• [What to do] No pictures go into the copy. Write out exactly the lines below from the one containing "7 seater sofa for sale in good condition" through the one containing "Artificial nail tips".

• [Recorded information]
──────
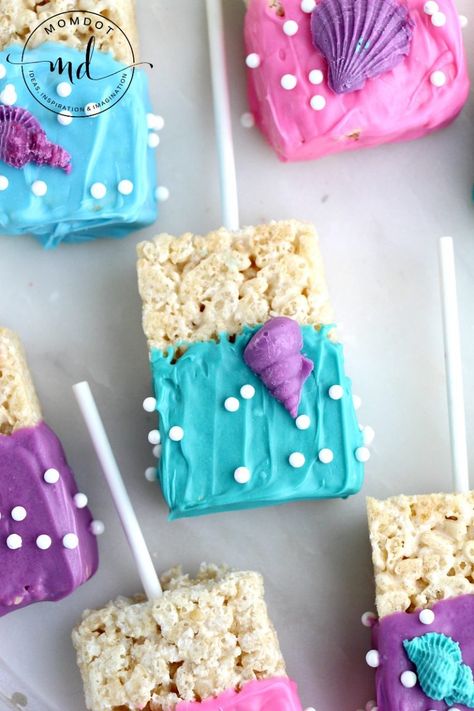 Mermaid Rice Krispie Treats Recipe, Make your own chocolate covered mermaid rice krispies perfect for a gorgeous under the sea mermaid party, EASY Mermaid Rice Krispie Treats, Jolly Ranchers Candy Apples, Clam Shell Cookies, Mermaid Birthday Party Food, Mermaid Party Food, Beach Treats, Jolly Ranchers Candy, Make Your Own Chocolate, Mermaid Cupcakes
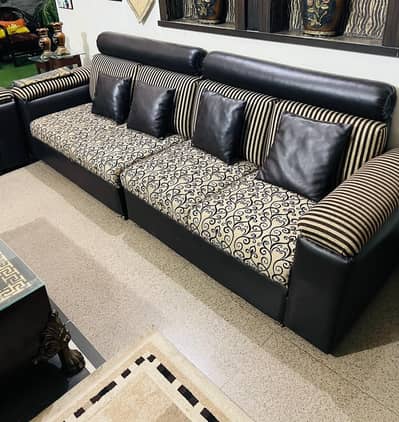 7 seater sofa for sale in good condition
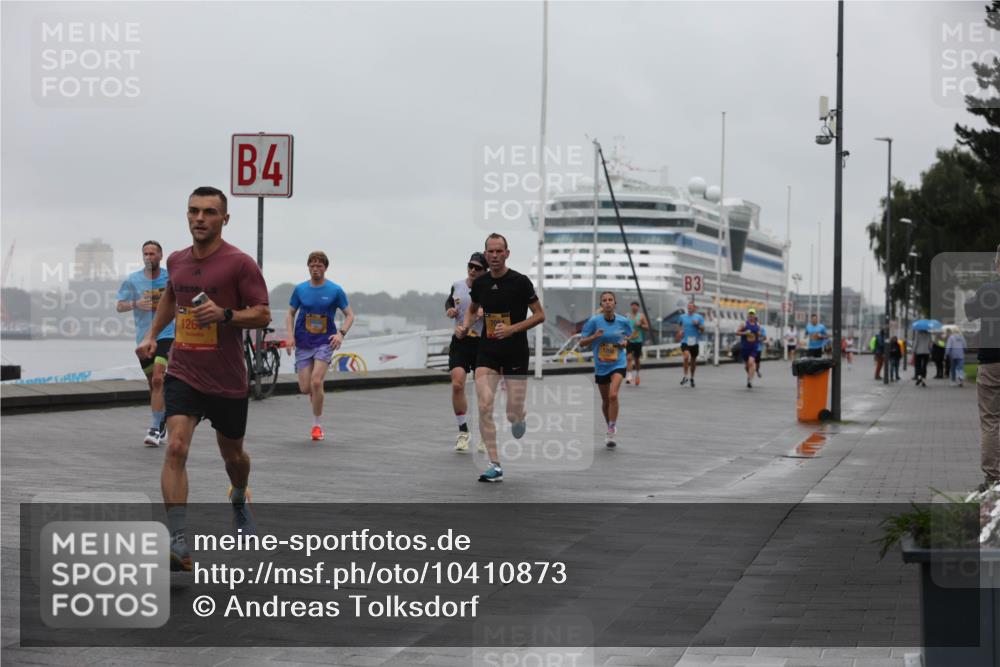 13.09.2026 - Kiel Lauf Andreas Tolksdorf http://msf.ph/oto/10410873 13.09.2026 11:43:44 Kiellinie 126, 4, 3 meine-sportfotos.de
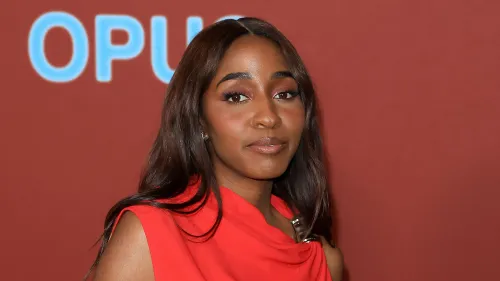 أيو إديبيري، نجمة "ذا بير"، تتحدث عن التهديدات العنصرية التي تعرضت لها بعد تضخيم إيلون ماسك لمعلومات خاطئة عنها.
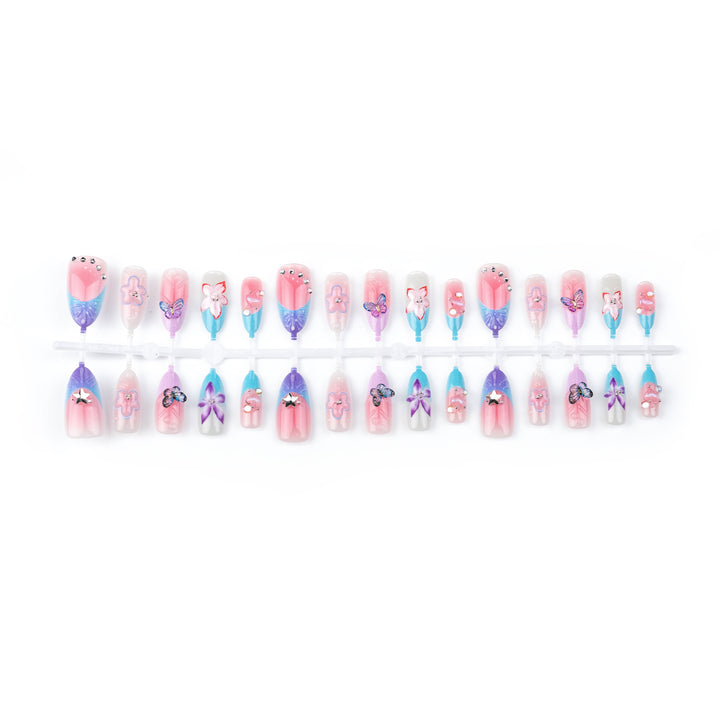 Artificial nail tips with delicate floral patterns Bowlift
──────
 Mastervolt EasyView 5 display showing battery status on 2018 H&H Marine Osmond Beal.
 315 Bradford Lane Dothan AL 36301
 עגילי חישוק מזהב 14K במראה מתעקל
──────
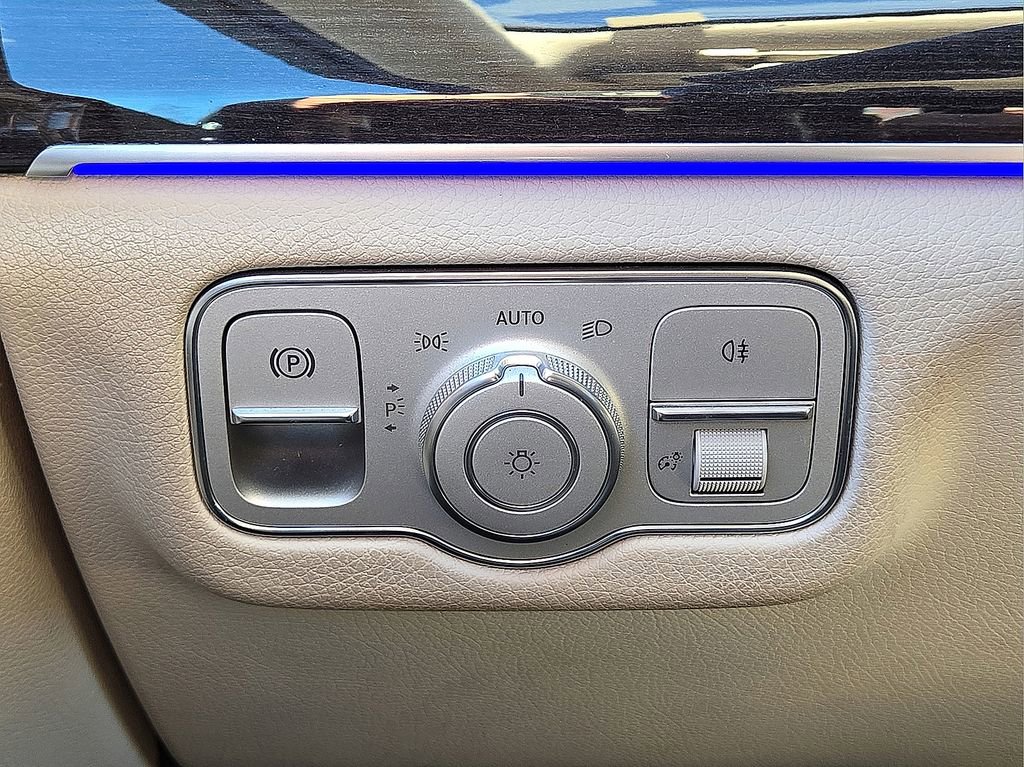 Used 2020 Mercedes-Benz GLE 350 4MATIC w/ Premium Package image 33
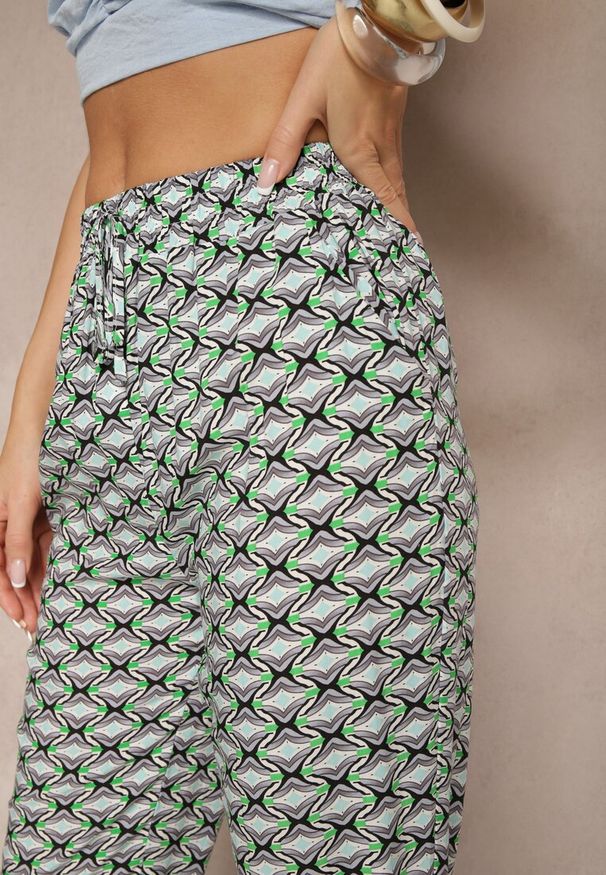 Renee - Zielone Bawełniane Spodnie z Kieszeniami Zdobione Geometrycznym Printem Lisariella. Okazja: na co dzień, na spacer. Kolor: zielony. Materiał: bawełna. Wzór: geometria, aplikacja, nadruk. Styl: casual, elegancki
──────
• [Answer to the exercise]
 7 seater sofa for sale in good condition
 13.09.2026 - Kiel Lauf Andreas Tolksdorf http://msf.ph/oto/10410873 13.09.2026 11:43:44 Kiellinie 126, 4, 3 meine-sportfotos.de
 أيو إديبيري، نجمة "ذا بير"، تتحدث عن التهديدات العنصرية التي تعرضت لها بعد تضخيم إيلون ماسك لمعلومات خاطئة عنها.
 Artificial nail tips with delicate floral patterns Bowlift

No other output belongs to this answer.